Evangelicals tend to recognize the need for compassion for the poor, to the unborn, to immigrants. Expansive, non-defensive Christianity has been the outstanding vehicle in human history for increasing the liberty of those seen as subhuman until Christians began viewing them as neighbors: the poor, the sick, the sexually exploited; racial, ethnic, and religious minorities; the not-yet-born and the declining but not-yet-dead.
Sure, we should recognize that some claiming the name of Christ have been selfish, but many others have led the way in taking risks and making “We the people” include more and more people viewed not as threats, but as neighbors.
The big U.S. experiment from the 1840s to 1924 was whether the “we” could include millions of Catholic and Jewish immigrants. Some Protestants who thought of America as a Holy Land fought what they saw as pollution by immigrants, but by the end of the century, the consensus was clear: We the neighbors includes Catholics and Jews, and soon came a smattering of Buddhists, Hindus, and Muslims as well.
The big 20th century experiment was whether the “we” could include different racial and ethnic groups.
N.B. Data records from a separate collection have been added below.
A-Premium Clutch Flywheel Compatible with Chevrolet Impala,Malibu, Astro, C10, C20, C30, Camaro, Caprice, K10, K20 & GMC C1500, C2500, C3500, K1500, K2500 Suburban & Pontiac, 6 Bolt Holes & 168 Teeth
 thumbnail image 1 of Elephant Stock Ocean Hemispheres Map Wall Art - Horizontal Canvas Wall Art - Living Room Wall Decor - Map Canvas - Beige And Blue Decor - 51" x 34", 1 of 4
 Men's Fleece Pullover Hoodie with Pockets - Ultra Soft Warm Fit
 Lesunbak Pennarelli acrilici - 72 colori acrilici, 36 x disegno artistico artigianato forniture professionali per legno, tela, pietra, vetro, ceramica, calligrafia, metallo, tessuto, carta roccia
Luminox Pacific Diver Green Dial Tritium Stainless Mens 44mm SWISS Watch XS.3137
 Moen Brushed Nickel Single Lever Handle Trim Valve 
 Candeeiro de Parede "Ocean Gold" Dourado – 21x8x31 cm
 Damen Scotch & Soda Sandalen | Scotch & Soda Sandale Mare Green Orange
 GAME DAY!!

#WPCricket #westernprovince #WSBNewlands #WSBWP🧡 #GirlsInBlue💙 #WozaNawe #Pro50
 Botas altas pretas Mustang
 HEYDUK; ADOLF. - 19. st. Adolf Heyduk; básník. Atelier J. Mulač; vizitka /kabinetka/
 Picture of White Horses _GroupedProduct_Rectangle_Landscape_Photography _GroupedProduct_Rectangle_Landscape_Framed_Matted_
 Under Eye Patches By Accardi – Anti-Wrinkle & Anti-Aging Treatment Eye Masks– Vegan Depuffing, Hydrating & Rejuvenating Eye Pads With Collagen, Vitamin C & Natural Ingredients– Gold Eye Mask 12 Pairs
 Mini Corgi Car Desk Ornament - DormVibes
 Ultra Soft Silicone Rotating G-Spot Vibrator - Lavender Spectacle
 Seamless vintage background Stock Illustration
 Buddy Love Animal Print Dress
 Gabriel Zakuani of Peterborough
Despite constitutional amendments, the Civil War hadn’t settled that, since African-Americans largely remained poor and disenfranchised. In the mid-20th century, though, strong and courageous Christians (once again, sadly, with exceptions) fought for civil rights as many of their predecessors had fought for emancipation.
I hope that during February, Black History Month, American schoolchildren are learning the uniqueness of our history. In India, Hindu priests lead the opposition to equal rights for the generally dark-skinned Dalits (“untouchables”). In the United States, though, ministers like Martin Luther King and others of the Southern Christian Leadership Conference demanded to be treated as neighbors. Many Christians and Jews joined their cause.
George W. Bush’s call for “compassionate conservatism” helped win him the White House. John McCain has voted consistently pro-life, so he can attract support from the majority of Americans who now see unborn children as part of the “we,” and also from those looking for a way to be compassionate toward the illegal immigrants among us, many who have labored here for years and built families.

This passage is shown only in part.